Unless you have learned to maximize the eccentric component of your training, you are likely selling yourself short in your athletic pursuits. (And if you don’t know what eccentric based training is, you will learn that in this article too!)
If you have been around the training world for a while, you are probably familiar with the three phases of muscular contraction: eccentric, isometric, and concentric. For those who are unfamiliar, the following bullet points should help you straighten things out.
- Eccentric contraction: A lengthening contraction of muscle. Examples would be lowering the dumbbell in an arm curl, or descending into a squat. An eccentric portion of dynamic movement would be lowering down into a half-squat in preparation to jump upwards in a vertical jump. The eccentric portion of the jump is where the majority of the energy of the jump is stored. Eccentric loads can bring about forces 160% as high as can be found in the “concentric” or “up-phase”. If too much energy is lost in the eccentric portion of the jump or sprint, performance will suffer.
- Isometric contraction: A contraction of muscle where the muscle stays the same length. This is going to be the transition point between the eccentric and concentric phases of movement. The isometric phase needs to be as stable as possible. An example of this phase would be the time between the down and up phase of the jump where the movement stops. Single leg and some running two leg jumps can actually start with a form of the isometric phase, as the body is trying to use the legs as rigid levers to propel the athlete upwards. This phase needs to be as strong and stable as humanly possible. It also needs to be very short to preserve elastic energy. Holding the isometric phase for too long because of poor strength or coordination will cause a dissipation in energy.
- Concentric contraction: A contraction of muscle where positive work is done and the muscle shortens. This would be the “up” motion of a dumbbell curl, bench press, or squat. It would also be the part of a vertical jump where the body is pushed upwards by the contracting muscles. The strength of this phase is highly dependent on the two phases that have happened before it. When an athlete says “I squat 400lbs”, what they mean in biomechanical terms is that: “They can concentrically produce 400lbs of force from a deep squat position.” Now nobody actually goes around and says this, but that is really what ends up happening. This is where weight training differs from athletic movement in that typically the eccentric loads are significantly lower and transitioned less rapidly than what is encountered in dynamic sport.
Everybody can use an increased vertical leap!
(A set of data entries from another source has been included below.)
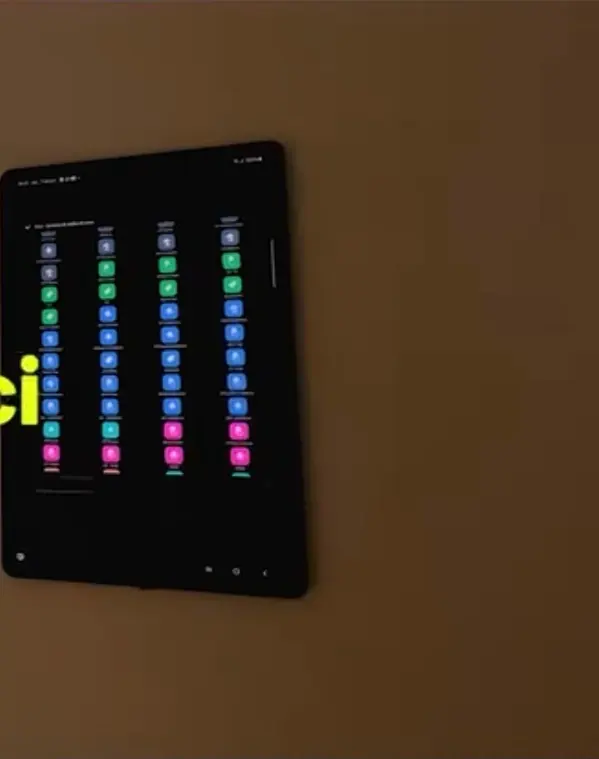 Tablet preso na parede com colunas de botões coloridos de cenas.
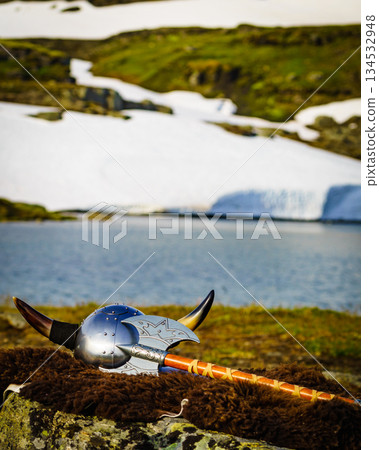 Viking helmet on lake shore, Norway 134532948
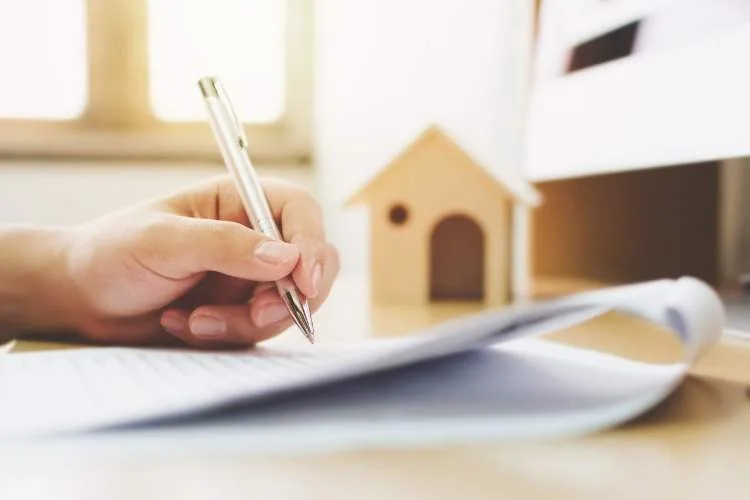 close-up-hand-of-man-signing-signature-loan-document-to-home-and-picture-id947072134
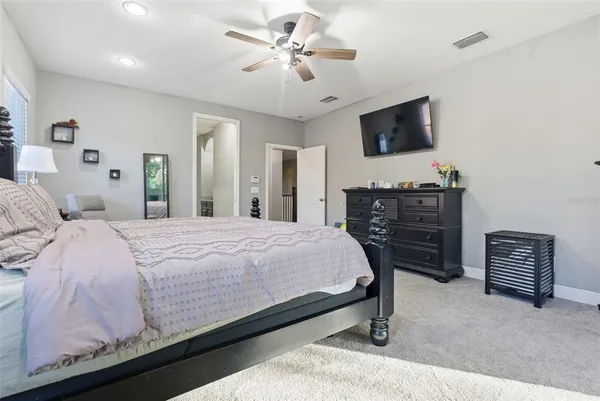 a bedroom with a bed a dresser and a flat screen tv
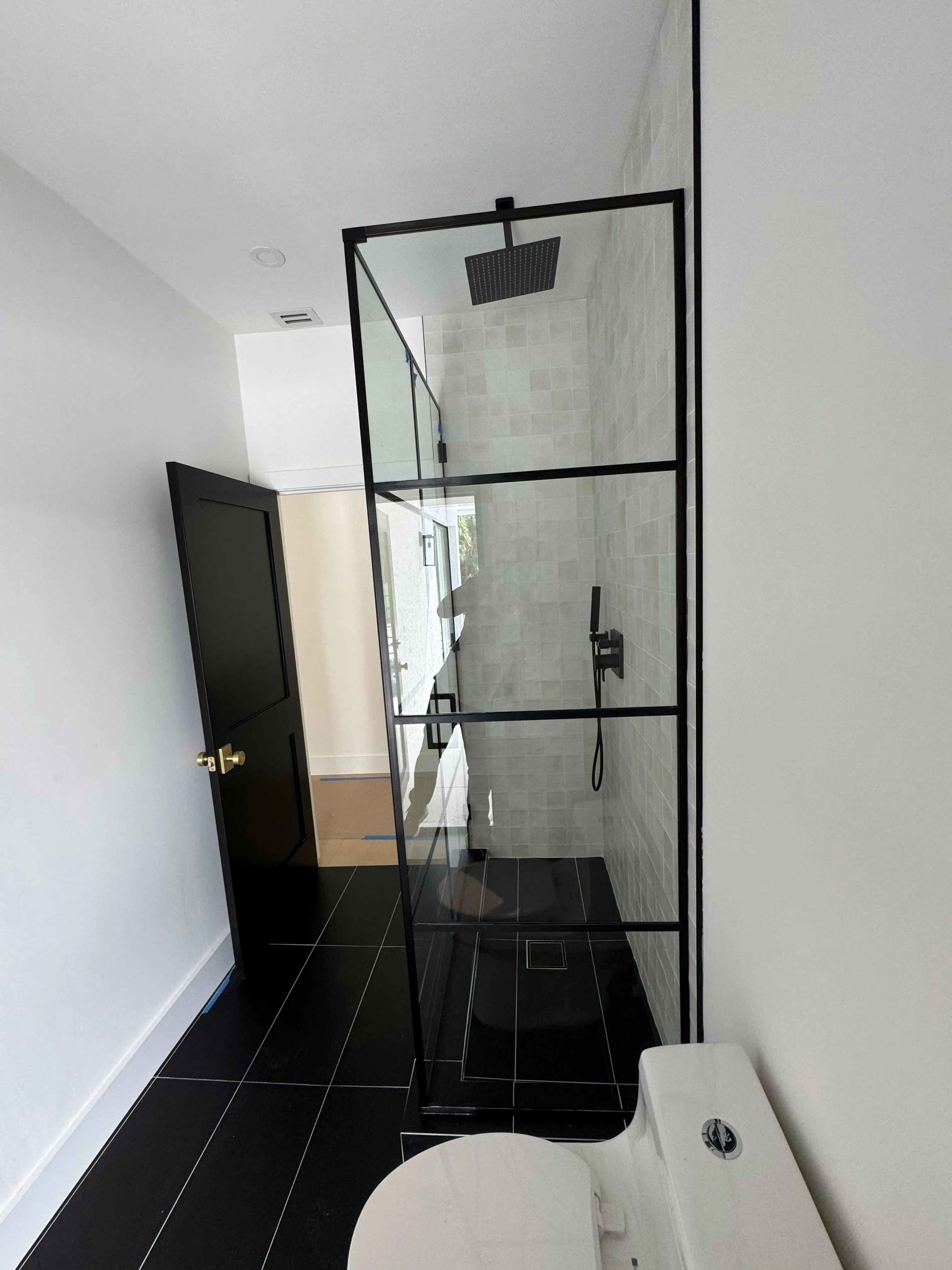 Elegant glass shower door with black metal frame, tiled shower interior, rainfall showerhead for luxury bathroom upgrade.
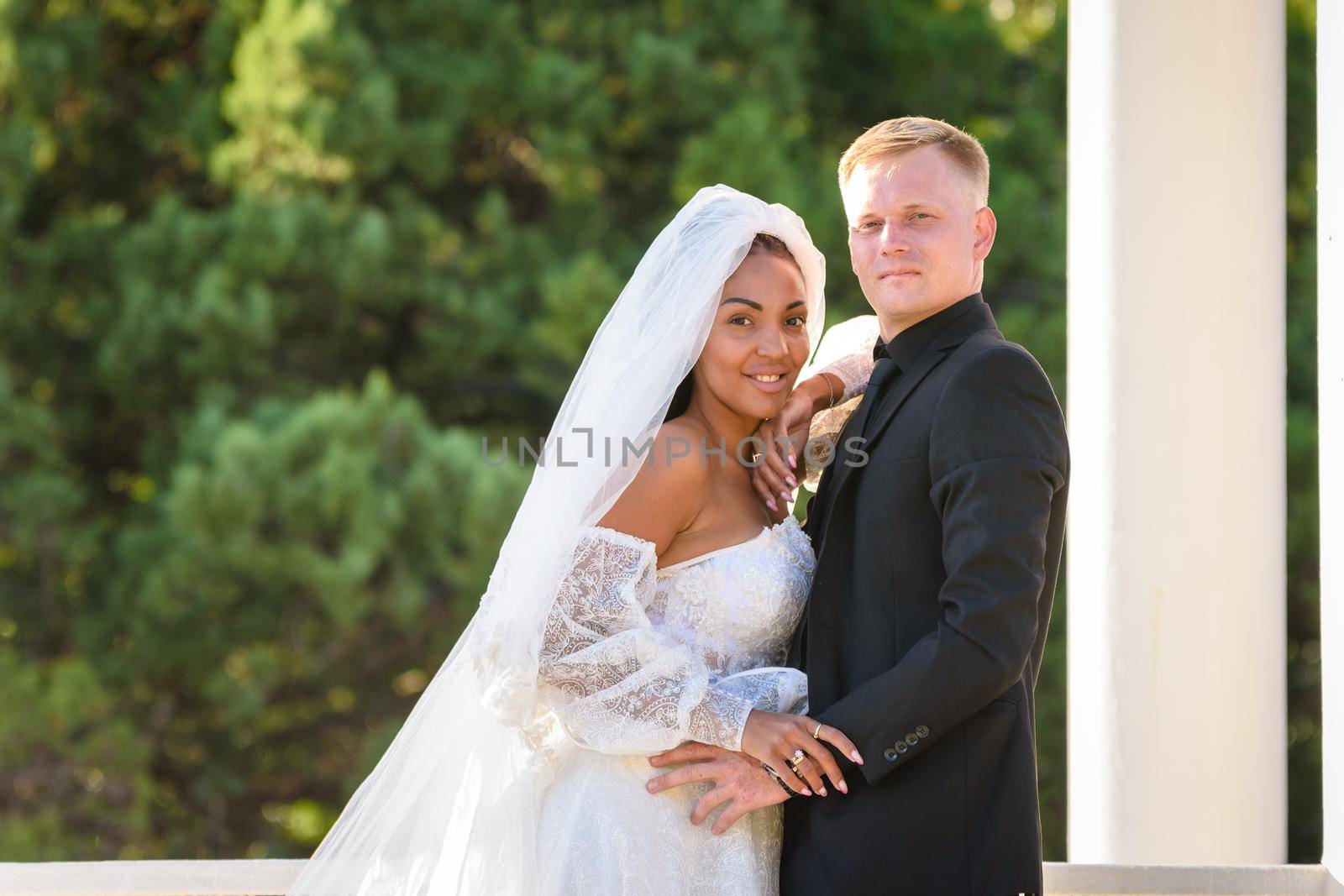 Mixed race newlyweds on a walk hugging and looking into the frame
The power jumper is one way to speed up and overload the eccentric portion of a jump by the elastic bands “pulling” the jumper down into the bottom position.
For the world of training athletes, the rate and power in which eccentric loading occurs must be mastered. Although traditional strength training is dissimilar to jumping and running in terms of the emphasis on the phases of movement, unless you are strong enough in the weightroom to at least squat bodyweight with good form, you don’t have much of a chance in terms of rapid eccentric loading during your dynamic movement. Most times I have seen athletes who are painfully slow when it comes to a fast eccentric/concentric reversal in jumping, they are also pretty weak in the weightroom.
In my mind, strength training should always be complimented by effective movement drills, such as jumping, sprinting, special strength, and movement efficiency. For jumpers especially, overspeed eccentrics focusing on the hip joint cannot be neglected in training.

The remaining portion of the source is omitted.